A reportagem ouviu duas dessas vítimas, sob a condição de que suas identidades fossem mantidas em sigilo. Ambos apontam para um padrão nas abordagens: o diretor escolhia agentes não concursados — que podem ser, portanto, sumariamente demitidos. E designava seus alvos para dirigir o carro a que tem direito por causa do cargo de direção. Os assédios ocorreram dentro do veículo — o diretor sentava sempre no banco do carona. Os dois também mencionaram que era comum ouvirem dele a frase “eu tenho o poder da caneta”.
O policial penal 1 tem 45 anos, é casado e pai de dois filhos. “Eu era novo na unidade, e quando fui chamado pra dirigir para ele, achei até que era uma missão honrosa, dirigir para o diretor”, diz. “O assédio começou devagar. Primeiro ele dizia que eu tinha cara de ‘pegador’. E eu saindo pela tangente, pensando ‘o cara é diretor’. Até que em uma das viagens ele me disse ‘você tem cara de quem tem p… grande’, e me mostrou na tela do celular a foto de um pênis, dizendo ‘deve ser mais ou menos assim’. E eu tentando sair daquela situação. Ele só me deixou em paz depois que se interessou por outro policial penal”. O policial penal 2 tem 44 anos e se declara homossexual. “O diretor começou a me chamar para dirigir para ele, e já na primeira viagem falou ‘fiquei sabendo que você curte, que gosta do negócio, eu também gosto’ e tal.

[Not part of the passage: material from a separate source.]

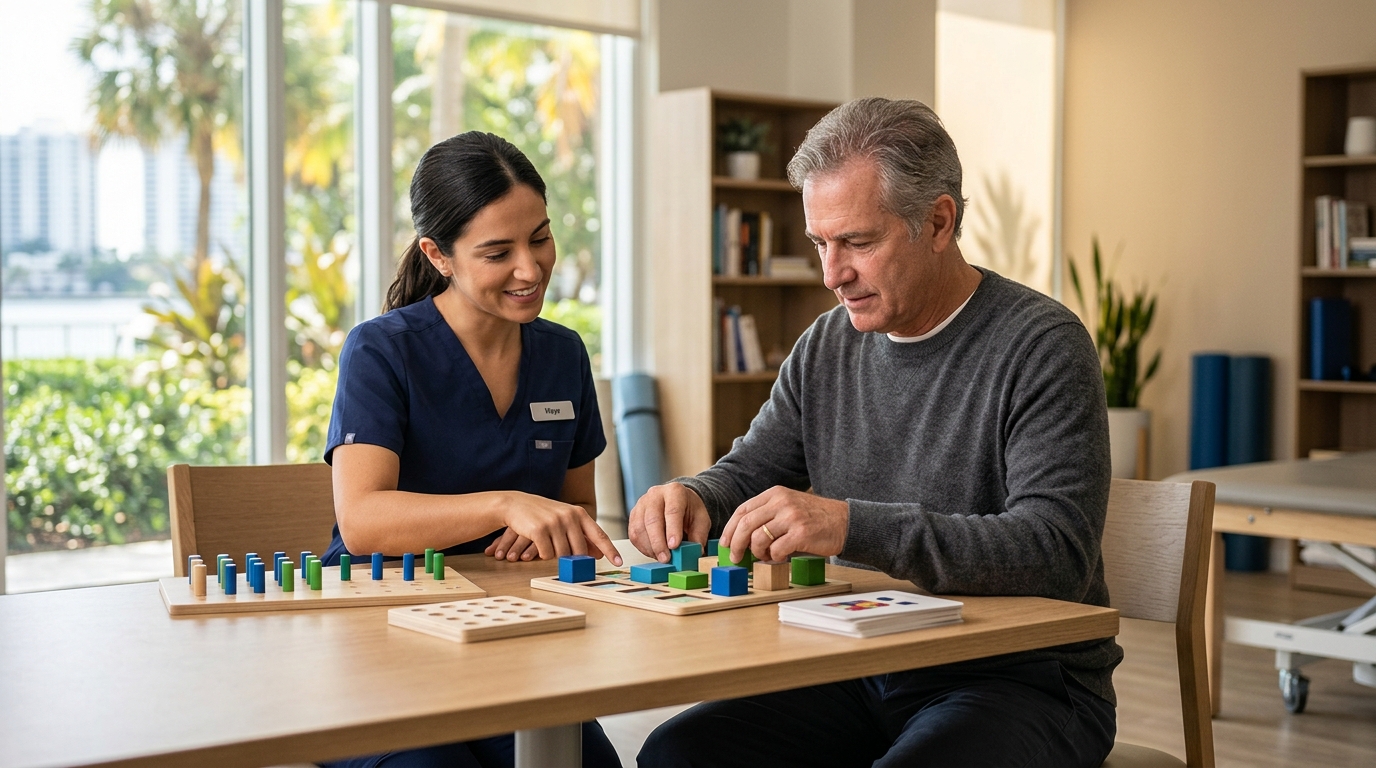 Traumatic brain injury patient practicing memory and coordination skills with a therapist.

Disse que ninguém ia saber. E eu me esquivando, com medo de retaliação, de ser transferido, demitido”, conta. “Até que um dia ele falou ‘poxa, você não vai nem deixar eu dar uma pegada?’ Daí ele veio com a mão na minha perna para tentar pegar meu pênis. Eu bati na mão dele e perguntei ‘você tá doido, cara?’”
As suspeitas de crimes sexuais acompanham Campostrini também no presídio LGBTQIA+. O Ministério Público pediu a instauração de inquérito policial para apurar “violência contra pessoa em restrição de liberdade” naquela unidade. Alguns detentos já foram ouvidos, e há relatos de que o diretor oferecia benefícios em troca de relações sexuais. A situação é no mínimo inusitada: os presos saem para depor, e depois têm que retornar para a mesma unidade prisional, comandada pelo alegado assediador – resolução do Conselho Nacional de Justiça (CNJ) determina que pessoas autodeclaradas LGBTQIA+ devem ficar em ala prisional ou unidade exclusiva para essa população, e há apenas um presídio especializado no estado. “A única coisa que eu quero é justiça”, diz um dos agentes penais assediados. “Não tenho paz.”